Rejected by 16 colleges, 18-year-old takes Google job: Yes, he's Asian
Stanley Zhong earned nearly perfect grades (3.97 unweighted, 4.42 weighted) and SAT scores (1590 out of 1600). He founded his own e-signing startup RabbitSign in his sophomore year at Palo Alto's Gunn High School, and competed in national coding competitions.
But he was rejected by MIT, Cal Tech, Stanford and Cornell -- and 12 others. No state university in California, his home state, accepted Zhong, including Berkeley, UCLA, UC San Diego, UC Davis, UC Santa Barbara (not all that selective) and Cal Poly. Can California afford to send high-tech talent away?

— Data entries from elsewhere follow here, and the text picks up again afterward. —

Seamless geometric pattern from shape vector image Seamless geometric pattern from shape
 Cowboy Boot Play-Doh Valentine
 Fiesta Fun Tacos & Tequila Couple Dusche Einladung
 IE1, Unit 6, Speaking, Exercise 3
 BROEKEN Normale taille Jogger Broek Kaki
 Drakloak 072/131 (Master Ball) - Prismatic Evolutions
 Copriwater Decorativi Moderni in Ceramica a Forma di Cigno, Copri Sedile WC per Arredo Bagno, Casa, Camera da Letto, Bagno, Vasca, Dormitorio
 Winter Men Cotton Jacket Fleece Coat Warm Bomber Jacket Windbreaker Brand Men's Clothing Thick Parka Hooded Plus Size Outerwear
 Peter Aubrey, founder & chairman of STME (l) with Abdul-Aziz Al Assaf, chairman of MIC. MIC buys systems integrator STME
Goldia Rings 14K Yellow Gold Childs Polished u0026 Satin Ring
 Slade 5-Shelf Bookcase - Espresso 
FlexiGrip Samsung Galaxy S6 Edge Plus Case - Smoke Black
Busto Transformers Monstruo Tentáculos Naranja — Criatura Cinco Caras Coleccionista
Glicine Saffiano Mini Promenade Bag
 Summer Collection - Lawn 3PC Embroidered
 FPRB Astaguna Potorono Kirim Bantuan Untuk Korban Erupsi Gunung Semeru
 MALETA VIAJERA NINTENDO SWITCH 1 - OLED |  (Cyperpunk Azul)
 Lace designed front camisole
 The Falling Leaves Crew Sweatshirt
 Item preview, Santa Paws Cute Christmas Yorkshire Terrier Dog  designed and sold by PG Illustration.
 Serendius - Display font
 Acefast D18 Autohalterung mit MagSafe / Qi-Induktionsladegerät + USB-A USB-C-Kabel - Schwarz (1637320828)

Zhong also was turned down by the universities of Illinois, Michigan, Washington and Wisconsin, but he got into the University of Texas and the University of Maryland. He planned to go to UT -- until he got a job offer from Google. He started work this week as a software engineer.
ABC7's Kristen Sze interviewed Stanley and his father after a witness brought up his story at a House Committee on Education and the Workforce hearing on affirmative action in college admissions.
If you watch the video, you'll see a pleasant, articulate young man. He wonders why he was not good enough for so many universities -- and not just Stanford and MIT. (Sze says she read his essay and saw no "red flags.") Was it just bad luck?
Zhong plans to work for a year, then decide whether to enroll at UT or skip college.